Une homélie du Frère Bertrand sur le site du monastère bénédictin Notre-Dame de la Sainte-Espérance :

Sixième dimanche de Pâques

(Ac 10, 25-26.34-35.44-48 ; 1 Jn 4, 7-10 ; Jn 15, 9-17)

                   « Mon commandement le voici : aimez vous les uns les autres, comme je vous ai aimés. Il n'y a pas de plus grand amour que de donner sa vie pour ses amis ».

          Arrêtons-nous aujourd'hui sur ces quelques paroles de Jésus qui constituent en fait le cœur même de l'Évangile dont tout procède.

          Tout d'abord, comprenons-bien ce que signifie un commandement, un précepte, une loi dans le cadre de notre existence chrétienne. N'opposons pas loi à liberté ; c'est un contresens dommageable, car la loi n'est pas obstacle à la liberté ; bien au contraire, elle la fonde. La loi, c'est une parole aimante que Dieu nous adresse pour nous offrir un chemin d'épanouissement. Pensons à cette loi fondamentale que Dieu donne à l'homme dans la Genèse : « Croissez, multipliez-vous, emplissez la terre et soumettez-la ! ». Les commandements balisent nos routes dans une marche continue vers la plénitude de Dieu ; ils indiquent le sens et la visée de notre existence. Les accepter, les pratiquer, c'est ratifier le dessein d'amour de Dieu sur nous et sur l'univers entier.

          On comprend en ce sens que Jésus puisse nous commander d'aimer. C'est nous rappeler simplement notre vocation fondamentale, la loi d'épanouissement essentielle que le Créateur a inscrite au cœur de notre être et que le péché obscurcit, ne nous rend plus aisément déchiffrable.

          Cependant, l'amour que Jésus nous prescrit n'est pas n'importe lequel : aimez-vous comme je vous ai aimés, nous dit-il. De fait, il y a différents types d'amour qui n'ont en commun que le nom. Pensons à l'amour maternel : une mère peut s'oublier, se sacrifier pour ses enfants. Cela ne signifie pas pour autant qu'elle aime selon le précepte évangélique. Elle peut très bien aimer en ses enfants son reflet, sa jeunesse passée, le prolongement de son être. C'est alors un amour entaché d'égoïsme. Elle peut, par contre, discerner en ses enfants le don de Dieu qu'elle a pour vocation d'épanouir. Elle s'attache alors à servir en son enfant, l'image de Dieu qui lui est confiée, quitte à s'effacer totalement devant le mystère de la grâce à l'œuvre dans ces êtres qui grandissent et qui emprunteront d'autres chemins que le sien. L'amour dont elle entoure ses enfants la portera alors à reconnaître et à servir en tout être le visage de Dieu.

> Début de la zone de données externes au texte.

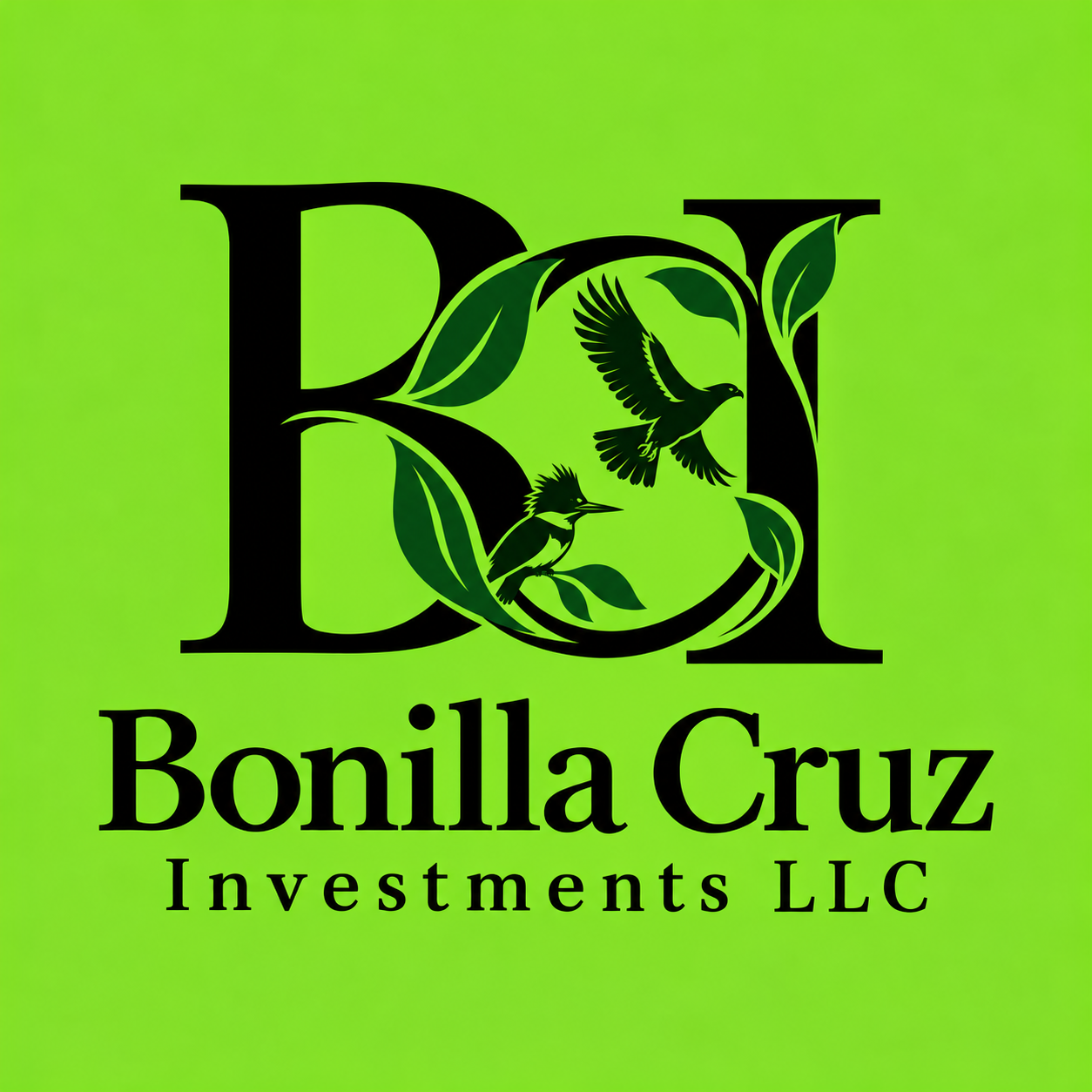 Bonilla Cruz Investments LLC.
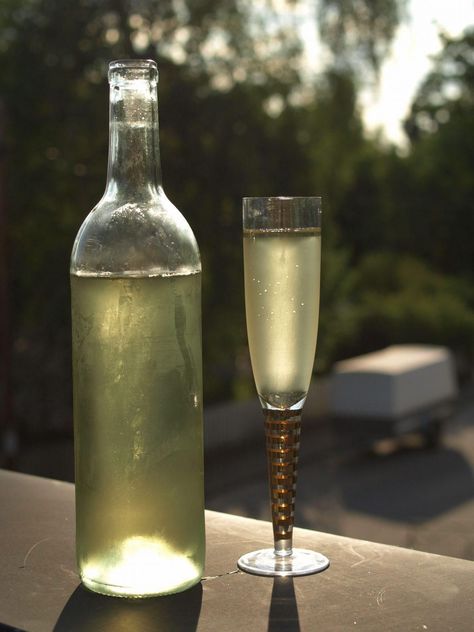 Hard Cider Cocktail, Honey Mead, Mead Wine, How To Make Mead, Mead Recipe, Fermented Honey, Honey Drink, Honey Wine, Cider Cocktails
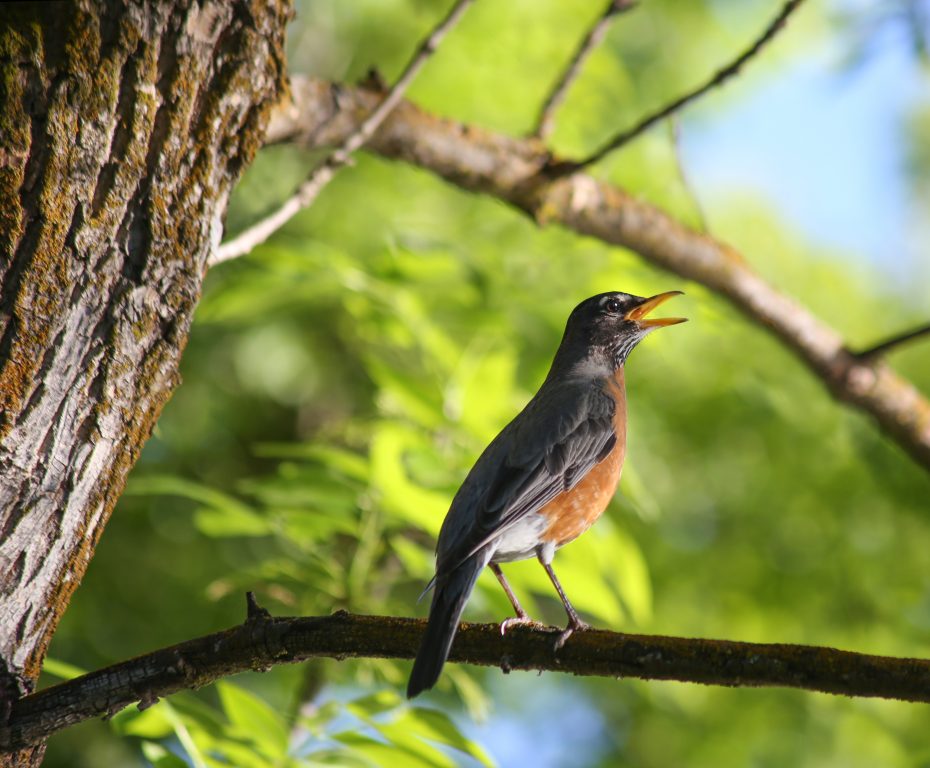 A bird with a reddish-brown chest and dark feathers is perched on a tree branch in a lush, green forest, with its beak open as if singing.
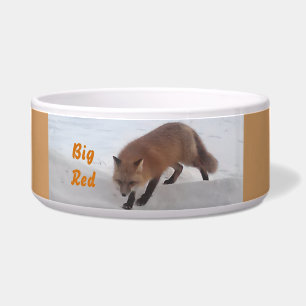 Fox looking for food bowel.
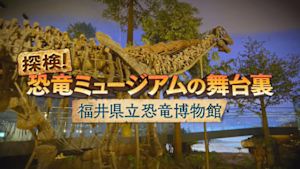 探検！恐竜ミュージアムの舞台裏～福井県立恐竜博物館～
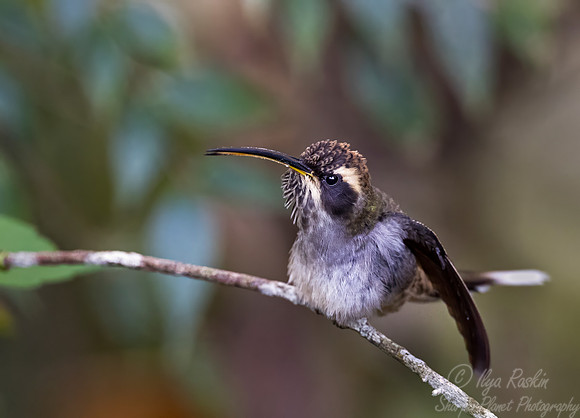 427 Scale-throated hermit (Phaethornis eurynome - Brazil Atlantic forest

          C'est là le chemin que le Christ nous indique. Jésus n'a jamais été avare en quoi que ce soit. Il n'a jamais dispensé avec parcimonie ses dons spirituels. Il s'est livré tout entier pour nous et c'est le même chemin qu'il nous demande de suivre lorsqu'il nous dit : « Il n'y a pas de plus grand amour que de donner sa vie pour ses amis ». Cette traduction ne rend pourtant pas totalement compte de ce que le Christ a vraiment dit. Il faudrait préciser : il n'y a pas de plus grand amour que de donner son âme pour ses amis ; pas simplement ses forces physiques, mais encore ses richesses spirituelles. Il s'agit de tout donner.

          Aimer comme le Christ, ce n'est pas rechercher avidement des biens spirituels pour soi-même, ce n'est pas cultiver un équilibre, une harmonie que rien ne saurait menacer ; c'est emprunter le chemin du Christ dans son offrande sur la croix. Si nous ne comprenons pas ce précepte, c'est que nous transposons les lois du monde matériel dans le domaine spirituel : si j'ai donné mon amour, je me suis appauvri, pensera-t-on. Si je donne mon âme, je n'aurai plus rien. Et pourtant, c'est ce que le Christ nous demande. Si nous nous donnons sans calcul, nous serons configurés au Christ totalement dépouillé par les hommes, mais surtout, totalement abandonné entre les bras de son Père ; et alors, Dieu sera vraiment notre  vie. Nous n'aurons rien perdu, nous aurons simplement accueilli la plénitude de la vie divine. L'amour qui s'offre, l'amour qui se donne, ne tarit jamais la source qui l'alimente, car cette source d'amour qui coule en nous, c'est l'Amour en personne, le Christ Jésus.